Start of Data extract
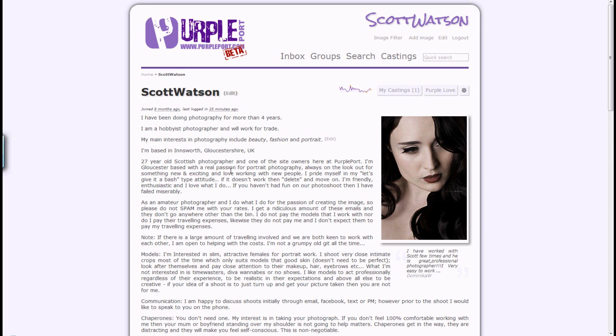Hi and welcome to this Getting to Know Purpleport video for purpleport.com. I'm Scott Watson and in this video I'm going to give you a brief overview of the multi-recipient messaging system.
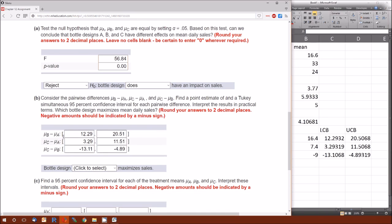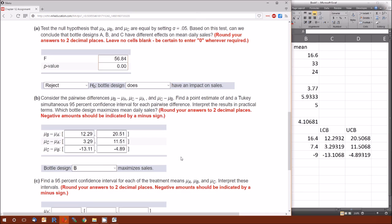Which bottle design maximizes sales? B minus A is always positive — the entire CI is above zero — so B is greater than A. C minus A is always positive, so C is greater than A. C minus B is always negative, so B is greater than C. Therefore B is greater than both A and C: bottle B maximizes sales. Think of it this way: if 4 minus 2 is positive, then 4 is greater than 2. Since B is greater than A and B is greater than C, bottle B has to be the best.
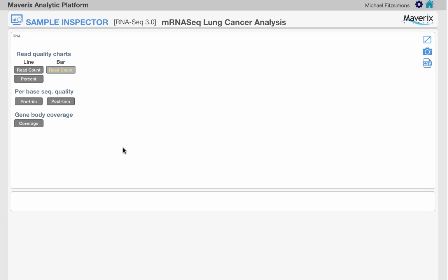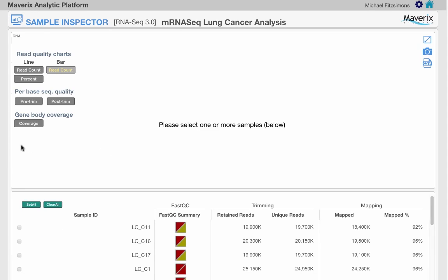The sample inspector may differ slightly within a variant analysis project compared to the RNA-seq results which I am showing you now.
End of Data extract
Lines from the one that contains "Which bottle design" to the final line of the material are the whole answer. Reproduce them word for word and skip the pictures.

- _Solution for this task_
Which bottle design maximizes sales? B minus A is always positive — the entire CI is above zero — so B is greater than A. C minus A is always positive, so C is greater than A. C minus B is always negative, so B is greater than C. Therefore B is greater than both A and C: bottle B maximizes sales. Think of it this way: if 4 minus 2 is positive, then 4 is greater than 2. Since B is greater than A and B is greater than C, bottle B has to be the best.
The sample inspector may differ slightly within a variant analysis project compared to the RNA-seq results which I am showing you now.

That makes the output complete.